Task statement: Print them exactly: the lines from the beginning of the entries below through the line that contains "Funny Emojis, Easter", and only those, with the pictures left out.

* * * * *

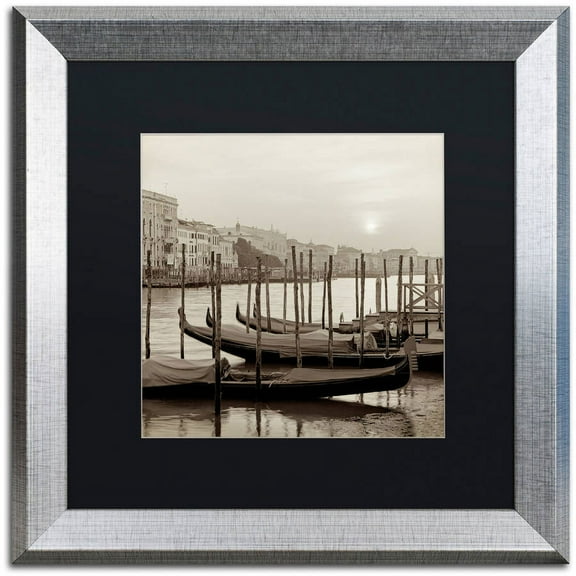 Trademark Fine Art "Venezia 11" Canvas Art by Alan Blaustein, Black Matte, Silver Frame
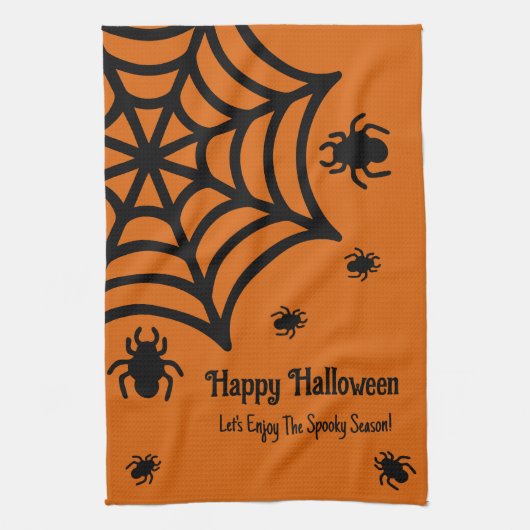 Gepersonaliseerde Spiderweb Halloween Theedoek (Verticaal)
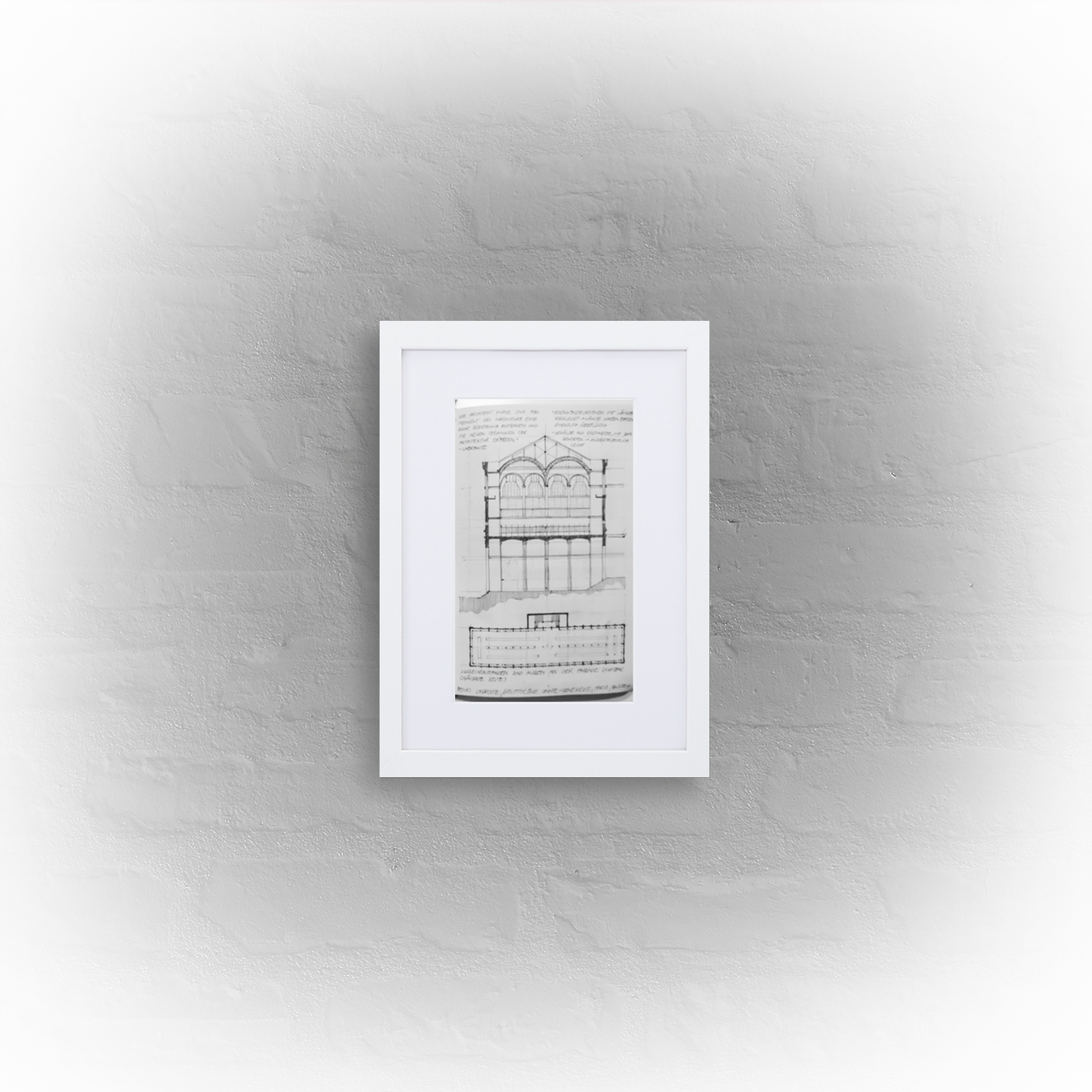 architecture sketchbook page 19 - matte paper white framed poster 21x30cm with mat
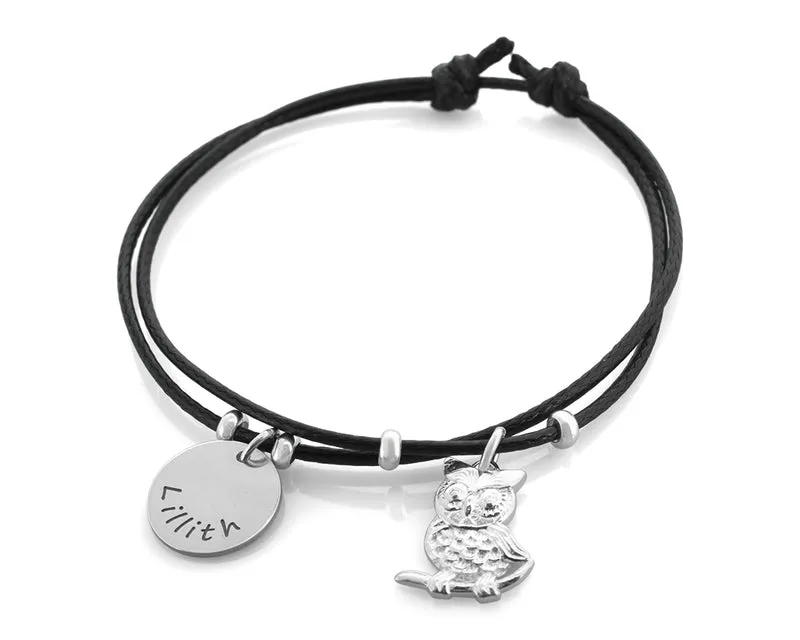 ARMBAND MIT EULE, SILBERSCHMUCK MIT GRAVUR, KINDERSCHMUCK ONLINE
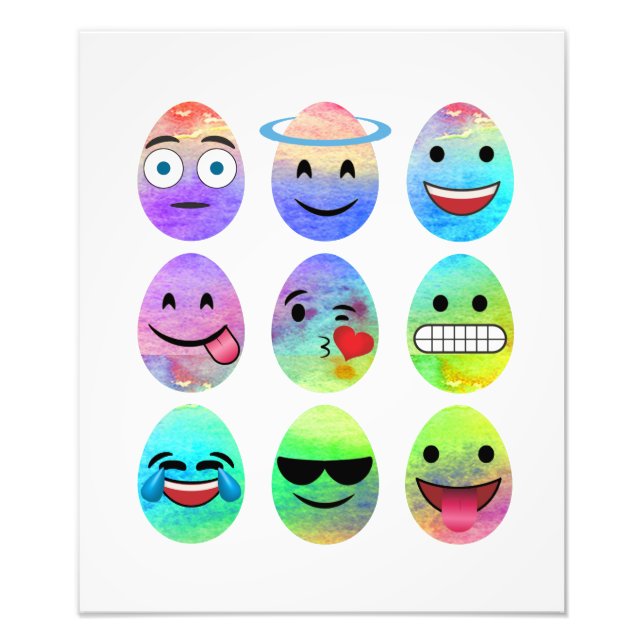 Funny Emojis, Easter Emoji Eggs, Emoticon Egg Photo Print (Front)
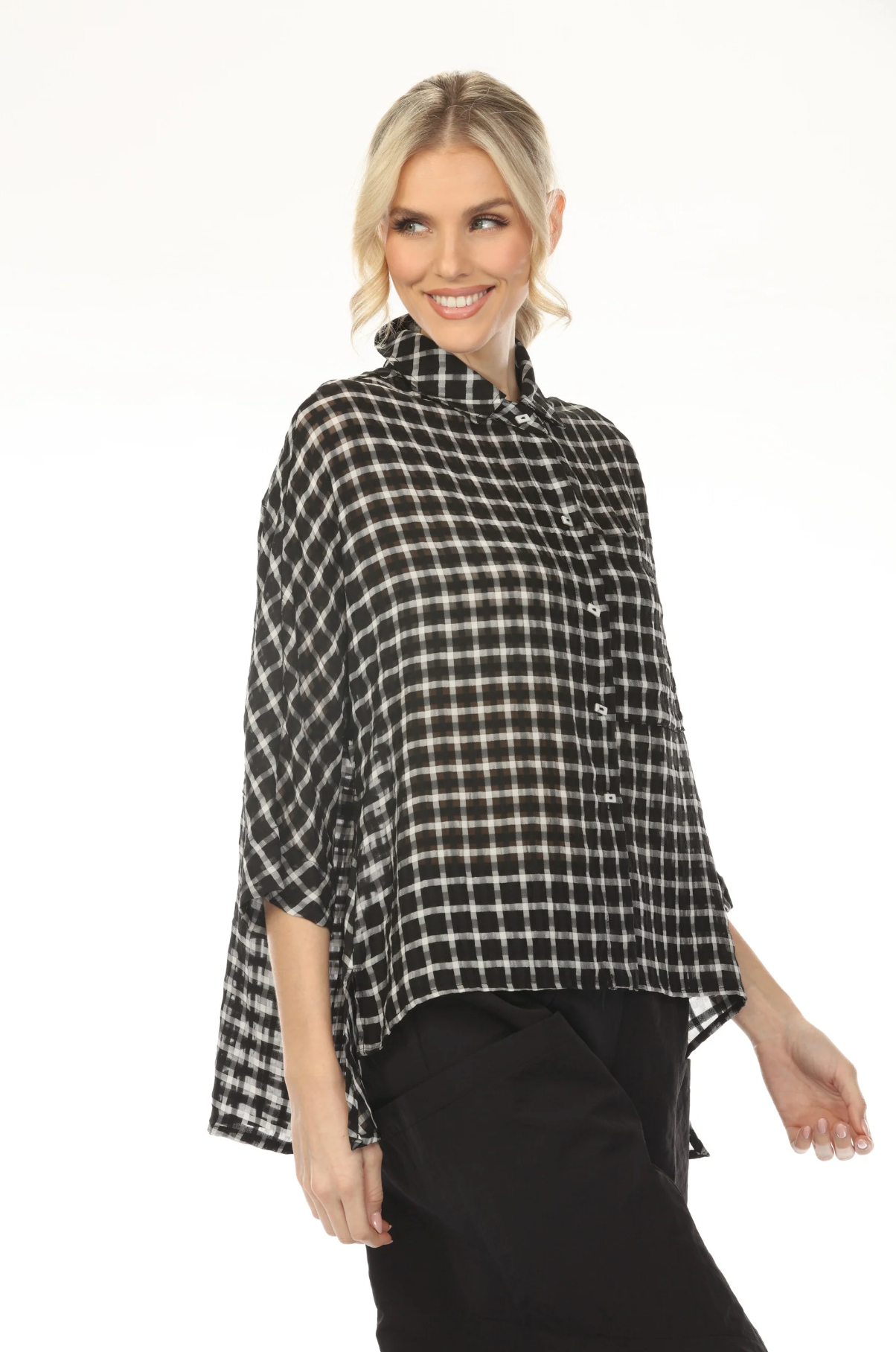 MOONLIGHT High Neck Button Down Grid Print Top - 4234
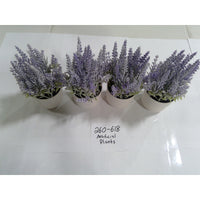 Unbranded Artificial Lavender Plants Set of 4 Purple White Pots Excellent Decor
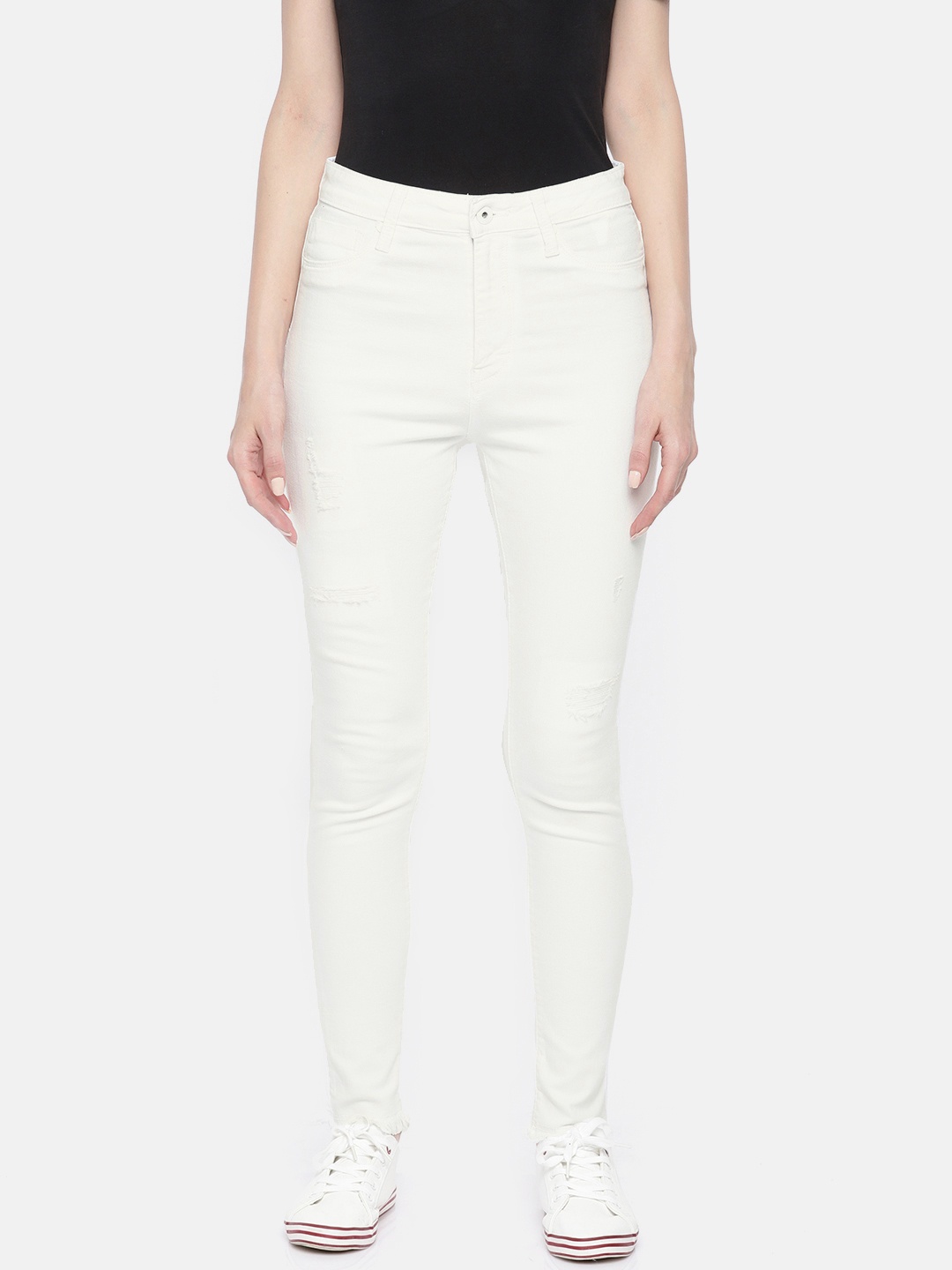 Pepe Jeans Women White Dion Skinny Fit High-Rise Mildly Distressed Stretchable Jeans
Pepe Jeans Women White Dion Skinny Fit High-Rise Mildly Distressed Stretchable Jeans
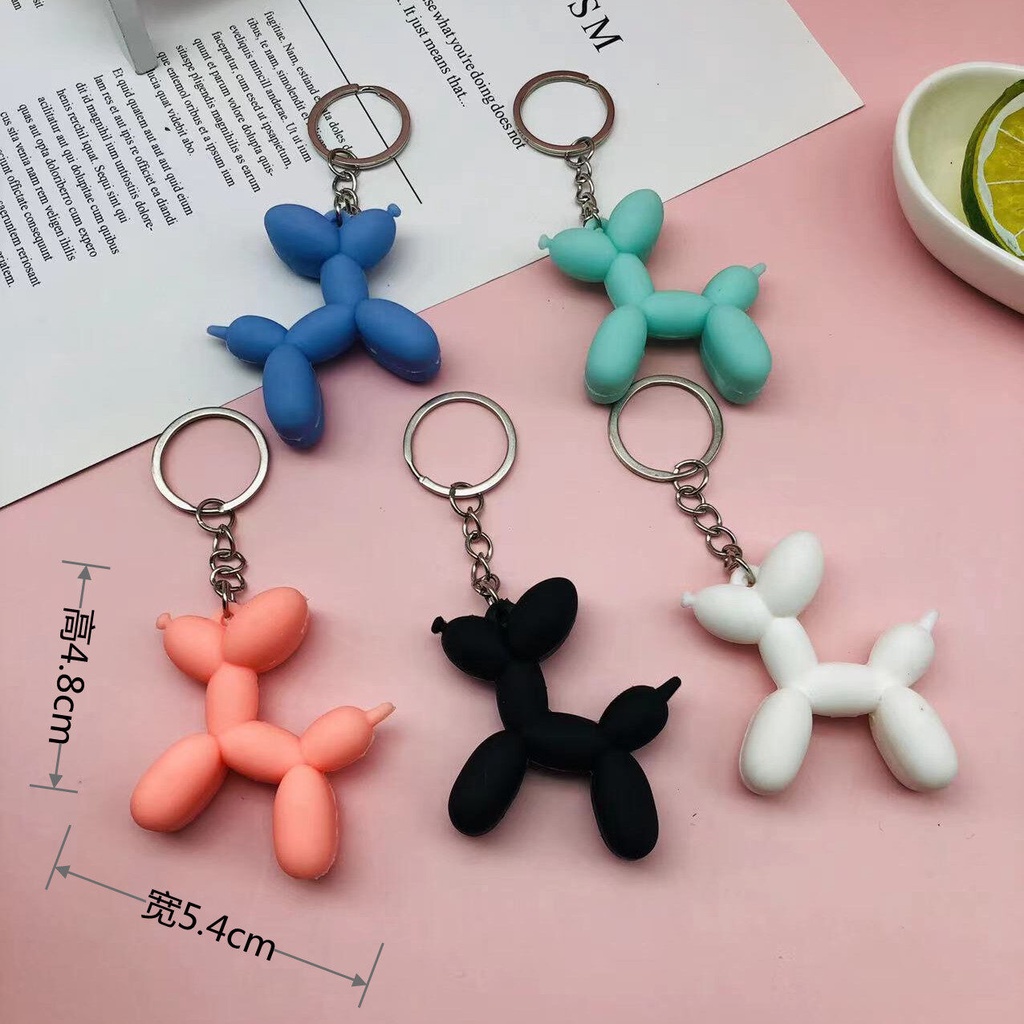 Móc Khóa Hình Chú Chó Và Bong Bóng Dễ Thương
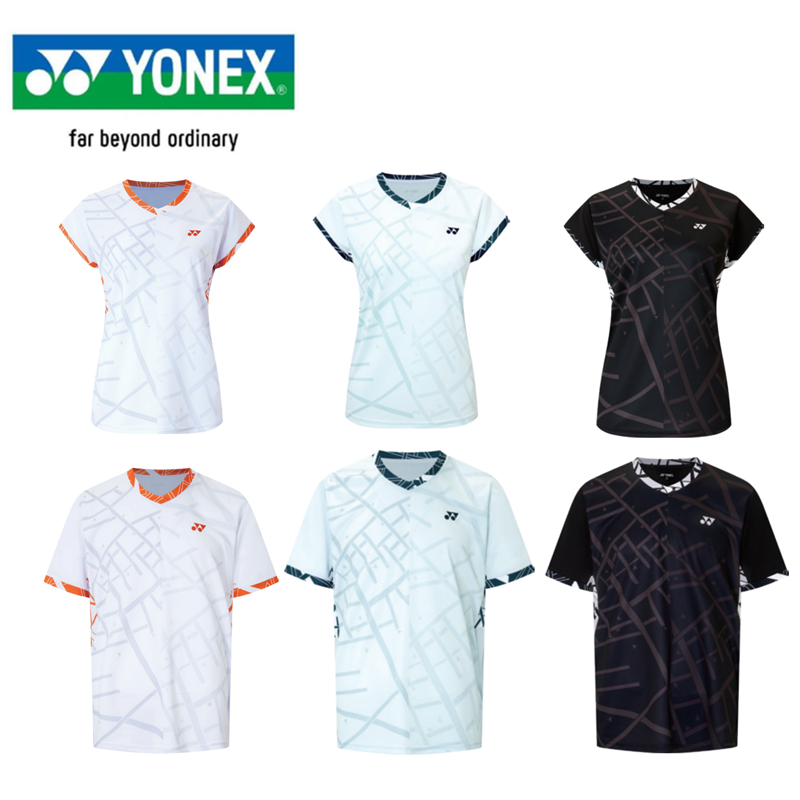 YONEX/尤尼克斯新款运动速干透气羽毛球服男女款短袖T恤印花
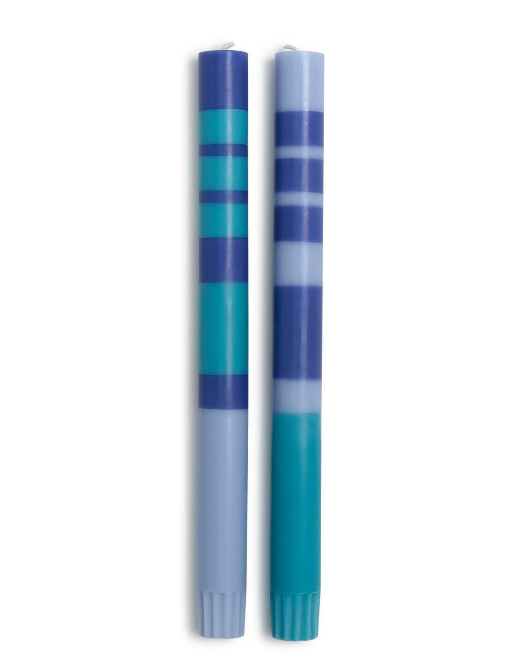 Stripe & Glow Blue Candles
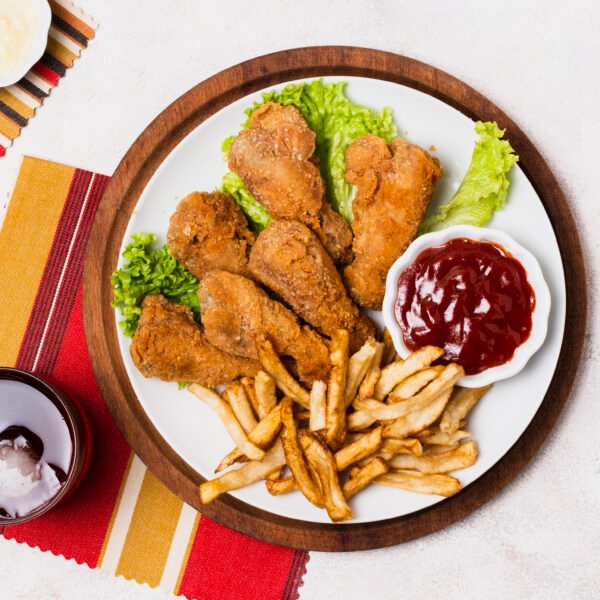 6 Pc Bone-In-Wings W/ Fires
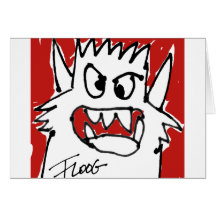 Rotes Cartoon-Monster Karte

* * * * *

Solution to the problem:
 Trademark Fine Art "Venezia 11" Canvas Art by Alan Blaustein, Black Matte, Silver Frame
 Gepersonaliseerde Spiderweb Halloween Theedoek (Verticaal)
 architecture sketchbook page 19 - matte paper white framed poster 21x30cm with mat
 ARMBAND MIT EULE, SILBERSCHMUCK MIT GRAVUR, KINDERSCHMUCK ONLINE
 Funny Emojis, Easter Emoji Eggs, Emoticon Egg Photo Print (Front)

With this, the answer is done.